Upon written notice to Lessee of any such assignment, Lessee
agrees to pay the Rent and Supplemental Payments with respect to
the Item(s) of Equipment covered by such assignment to such
Assignee in accordance with the instructions specified in such
notice without any abatement, defense, setoff, counterclaim or
recoupment whatsoever, and to otherwise comply with all notices,
directions and demands which may be given by Lessor or such
Assignee with respect to such Item(s), in accordance with the
provisions of this Lease. Notwithstanding any such assignment,
all obligations of Lessor to Lessee under this Lease shall be and
remain enforceable by Lessee against Lessor and any Assignee to
whom an assignment hereunder has been made.
15. Liens. Lessee will not directly or indirectly create,
incur, assume or suffer to exist any Lien on or with respect to
(i) the Equipment or any part or Item thereof, Lessor's title
thereto, or any interest therein, or (ii) this Lease or any of
Lessor's interests hereunder, except any Lien granted or placed
thereon by Lessor or any Assignee. Lessee, at its own expense,
will promptly pay, satisfy and otherwise take such actions as may
be necessary to keep this Lease and the Equipment free and clear
of, and to duly discharge or eliminate or bond in a manner
satisfactory to Lessor and each Assignee, any such Lien not
excepted above if the same shall arise at any time. Lessee will
notify Lessor and each Assignee in writing promptly upon becoming
aware of any tax or other Lien (other than any lien excepted
above) that shall attach to the Equipment or any Item of
Equipment, and of the full particulars thereof.

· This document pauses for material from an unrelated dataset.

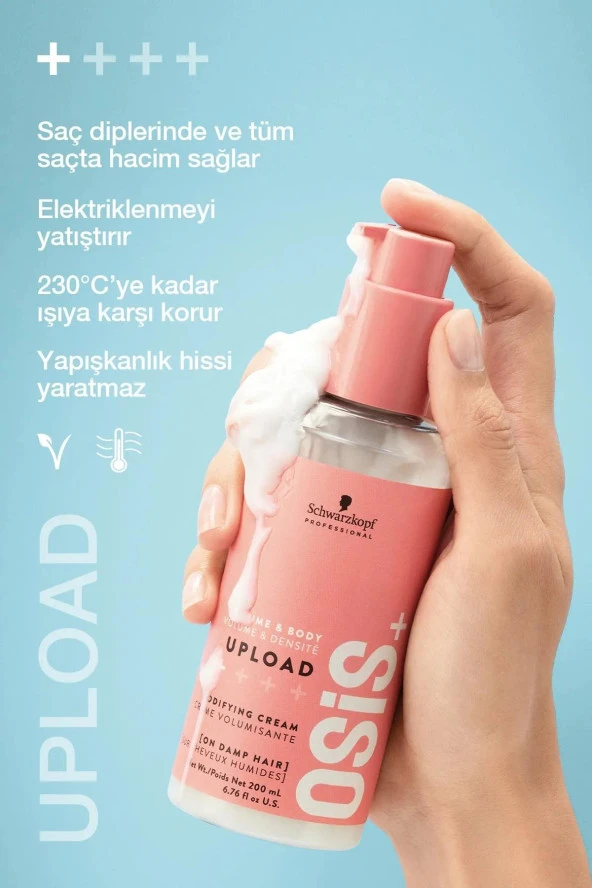 Osis + 2 Upload Hacimlendirici Krem 200ml - Resim 3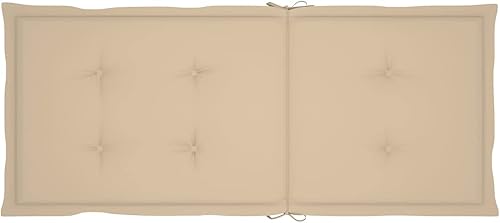 Miniatura 7 de vidaXL Sillas plegables para patio con cojines, 3 piezas, madera de acacia maciza, reclinable, 5 posiciones, beige, asientos plegables para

16. Loss, Damage or Destruction.
(a) Risk of Loss, Damage or Destruction. Lessee hereby
assumes all risk of loss, damage, theft, taking, destruction,
confiscation, requisition or commandeering, partial or complete,
of or to each Item of Equipment, however caused or occasioned,
such risk to be borne by Lessee with respect to each Item of
Equipment from the date of this Lease, and continuing until such
Item of Equipment has been returned to Lessor in accordance with
the provisions of Section 6 hereof or has been purchased by
Lessee in accordance with the provisions of Section 28 hereof.
Lessee agrees that no occurrence specified in the preceding
sentence shall impair, in whole or in part, any obligation of
Lessee under this Lease, including, without limitation, the
obligation to pay Rent.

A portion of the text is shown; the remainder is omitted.